Das Berufungsgericht bestätigte dieses Urteil und sprach aus, dass der Wert des Entscheidungsgegenstands 20.000 EUR übersteige und die ordentliche Revision zur Beurteilung des Verjährungseinwands zulässig sei. Ein Verfahrenshilfeantrag könne dann als (verbesserungsbedürftige und der Verbesserung zugängliche) Klage angesehen werden, wenn er Sachverhalt und Begehren individualisiere und deutlich erkennen lasse.
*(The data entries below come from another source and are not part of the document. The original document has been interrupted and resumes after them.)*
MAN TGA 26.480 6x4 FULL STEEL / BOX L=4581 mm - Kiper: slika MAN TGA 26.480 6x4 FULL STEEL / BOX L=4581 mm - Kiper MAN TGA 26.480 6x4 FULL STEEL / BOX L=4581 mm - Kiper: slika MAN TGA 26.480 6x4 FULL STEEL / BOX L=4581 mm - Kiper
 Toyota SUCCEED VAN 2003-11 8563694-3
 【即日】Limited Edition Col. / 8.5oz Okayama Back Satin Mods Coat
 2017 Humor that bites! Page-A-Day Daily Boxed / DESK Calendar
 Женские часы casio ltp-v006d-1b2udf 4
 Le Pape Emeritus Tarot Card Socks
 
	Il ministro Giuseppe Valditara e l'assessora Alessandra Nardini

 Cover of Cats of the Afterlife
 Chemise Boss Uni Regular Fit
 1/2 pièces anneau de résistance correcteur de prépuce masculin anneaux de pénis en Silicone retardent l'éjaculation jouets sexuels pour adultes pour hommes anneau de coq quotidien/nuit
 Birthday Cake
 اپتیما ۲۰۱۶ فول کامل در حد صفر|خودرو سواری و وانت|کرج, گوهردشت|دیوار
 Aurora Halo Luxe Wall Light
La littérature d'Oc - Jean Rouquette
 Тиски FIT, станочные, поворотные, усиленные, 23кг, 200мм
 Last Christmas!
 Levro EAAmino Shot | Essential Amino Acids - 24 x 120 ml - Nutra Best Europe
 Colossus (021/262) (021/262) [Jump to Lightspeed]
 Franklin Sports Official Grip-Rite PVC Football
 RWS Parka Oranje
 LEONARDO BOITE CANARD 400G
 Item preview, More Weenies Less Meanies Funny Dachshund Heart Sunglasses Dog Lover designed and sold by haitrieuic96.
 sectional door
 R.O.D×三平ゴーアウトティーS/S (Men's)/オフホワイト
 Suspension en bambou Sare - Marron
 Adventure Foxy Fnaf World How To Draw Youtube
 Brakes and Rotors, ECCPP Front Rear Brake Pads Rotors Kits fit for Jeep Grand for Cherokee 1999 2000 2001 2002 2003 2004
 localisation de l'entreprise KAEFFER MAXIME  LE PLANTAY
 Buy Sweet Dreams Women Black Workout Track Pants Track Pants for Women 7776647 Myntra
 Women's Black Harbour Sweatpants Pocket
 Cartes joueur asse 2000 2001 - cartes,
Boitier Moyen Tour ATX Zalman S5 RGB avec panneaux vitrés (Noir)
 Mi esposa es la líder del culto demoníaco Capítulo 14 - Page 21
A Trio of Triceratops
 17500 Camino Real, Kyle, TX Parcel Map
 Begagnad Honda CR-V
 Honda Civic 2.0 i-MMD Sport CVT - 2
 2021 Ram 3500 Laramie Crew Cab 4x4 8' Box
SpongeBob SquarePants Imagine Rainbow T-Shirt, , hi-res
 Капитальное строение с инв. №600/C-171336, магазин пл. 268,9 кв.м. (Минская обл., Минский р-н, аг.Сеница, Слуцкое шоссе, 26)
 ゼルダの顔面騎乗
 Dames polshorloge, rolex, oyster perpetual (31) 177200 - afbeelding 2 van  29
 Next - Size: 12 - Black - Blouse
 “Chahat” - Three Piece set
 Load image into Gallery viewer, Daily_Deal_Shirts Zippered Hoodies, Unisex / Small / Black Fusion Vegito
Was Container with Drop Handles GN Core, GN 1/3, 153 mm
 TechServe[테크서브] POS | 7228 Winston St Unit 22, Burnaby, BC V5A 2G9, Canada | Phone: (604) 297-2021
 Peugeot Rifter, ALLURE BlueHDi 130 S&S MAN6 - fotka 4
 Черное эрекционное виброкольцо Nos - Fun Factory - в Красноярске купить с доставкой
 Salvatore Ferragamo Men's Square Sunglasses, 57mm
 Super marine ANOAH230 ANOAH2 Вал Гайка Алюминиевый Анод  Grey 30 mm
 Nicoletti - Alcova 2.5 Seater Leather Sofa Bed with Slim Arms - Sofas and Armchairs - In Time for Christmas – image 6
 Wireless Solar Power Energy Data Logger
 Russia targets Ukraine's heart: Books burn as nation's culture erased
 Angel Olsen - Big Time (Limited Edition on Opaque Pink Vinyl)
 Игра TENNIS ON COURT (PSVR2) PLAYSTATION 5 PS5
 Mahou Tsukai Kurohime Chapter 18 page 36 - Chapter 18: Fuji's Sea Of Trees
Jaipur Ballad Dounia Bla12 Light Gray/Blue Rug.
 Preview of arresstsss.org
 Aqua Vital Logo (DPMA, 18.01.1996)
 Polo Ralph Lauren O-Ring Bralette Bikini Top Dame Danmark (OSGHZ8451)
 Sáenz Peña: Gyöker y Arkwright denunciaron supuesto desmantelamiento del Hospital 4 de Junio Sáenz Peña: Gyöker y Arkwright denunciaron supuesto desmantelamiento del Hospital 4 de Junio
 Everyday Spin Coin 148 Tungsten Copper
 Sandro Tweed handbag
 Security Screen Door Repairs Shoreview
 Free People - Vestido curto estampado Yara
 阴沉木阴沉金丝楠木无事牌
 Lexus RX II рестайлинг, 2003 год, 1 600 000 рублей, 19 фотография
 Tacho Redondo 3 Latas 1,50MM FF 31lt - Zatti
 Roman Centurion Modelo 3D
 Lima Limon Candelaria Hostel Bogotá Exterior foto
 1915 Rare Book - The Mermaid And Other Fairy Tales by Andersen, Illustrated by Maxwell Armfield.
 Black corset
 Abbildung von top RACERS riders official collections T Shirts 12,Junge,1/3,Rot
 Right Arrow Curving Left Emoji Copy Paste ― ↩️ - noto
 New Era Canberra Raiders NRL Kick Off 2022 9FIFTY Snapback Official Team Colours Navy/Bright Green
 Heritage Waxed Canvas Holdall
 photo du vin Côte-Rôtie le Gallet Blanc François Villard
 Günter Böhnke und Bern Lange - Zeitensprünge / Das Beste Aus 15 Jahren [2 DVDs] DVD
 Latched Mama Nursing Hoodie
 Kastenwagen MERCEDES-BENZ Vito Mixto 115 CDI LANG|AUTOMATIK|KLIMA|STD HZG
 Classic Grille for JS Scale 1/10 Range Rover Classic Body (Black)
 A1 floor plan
Die Klägerin habe zu ihrem Protokollarantrag auf Bewilligung der Verfahrenshilfe noch konkretes Vorbringen erstattet, auf das sie ihre Ansprüche stütze, und habe ihre Ansprüche dem Grunde und der Höhe nach konkretisiert. Damit sei Unterbrechung der Verjährung eingetreten.

Rechtliche Beurteilung

Die Revision ist unzulässig. Entgegen dem - den OGH nicht bindenden (§ 508a Abs 1 ZPO) - Ausspruch des Berufungsgerichtes hängt die Entscheidung nicht von der Lösung einer erheblichen Rechtsfrage iSd § 502 Abs 1 ZPO ab.

Die Revision macht geltend, der zu Protokoll gegebene Antrag auf Bewilligung der Verfahrenshilfe könne nicht als Klage angesehen werden. Er sei von keinem Rechtsanwalt unterfertigt und entspreche nicht den prozessualen Formerfordernissen; ein Verbesserungsauftrag sei nicht erteilt worden.

Ob der Verfahrenshilfeantrag die Verjährung unterbrochen hat, ist nur dann maßgebend, wenn der geltend gemachte Schadenersatzanspruch der dreijährigen Verjährungsfrist des § 1489 Satz 1 ABGB unterliegt und für ihn nicht die dreißigjährige Verjährungsfrist des § 1489 Satz 2 ABGB gilt. Erst nach dreißig Jahren erlischt das Klagerecht, wenn (ua) der Schade aus einer oder mehreren gerichtlich strafbaren Handlungen entstanden ist, die nur vorsätzlich begangen werden können. Eine strafrechtliche Verurteilung ist nicht Voraussetzung (RIS-Justiz RS0034432 und RS0034398; M. Bydlinski in Rummel, ABGB³ § 1489 Rz 5 mwN).

Der festgestellte Sachverhalt - mehrere absichtlich, wuchtig und gezielt gegen Gesicht und Kopf des Opfers geführte Schläge des Täters mit einem harten Gegenstand, die eine schwere Verletzung zur Folge haben - verwirklicht den Tatbestand der vorsätzlichen schweren Körperverletzung, die mit drei Jahren Freiheitsstrafe bedroht ist (§ 84 Abs 1 StGB). Die geltend gemachten Schadenersatzansprüche fallen daher unter die dreißigjährige Verjährungsfrist des § 1489 ABGB und waren somit bei Klagseinbringung unabhängig davon nicht verjährt, ob der Verfahrenshilfeantrag die Verjährung unterbrochen hat. Die Revision wurde dem Vertreter der Klägerin am 2. 10. 2006 zugestellt, die Frist des § 507a Abs 1 ZPO endete daher am 30. 10. 2006. Die erst am 31. 10. 2006 zur Post gegebene Revisionsbeantwortung (in der auf die Unzulässigkeit der Revision auch nicht hingewiesen wird) ist daher verspätet.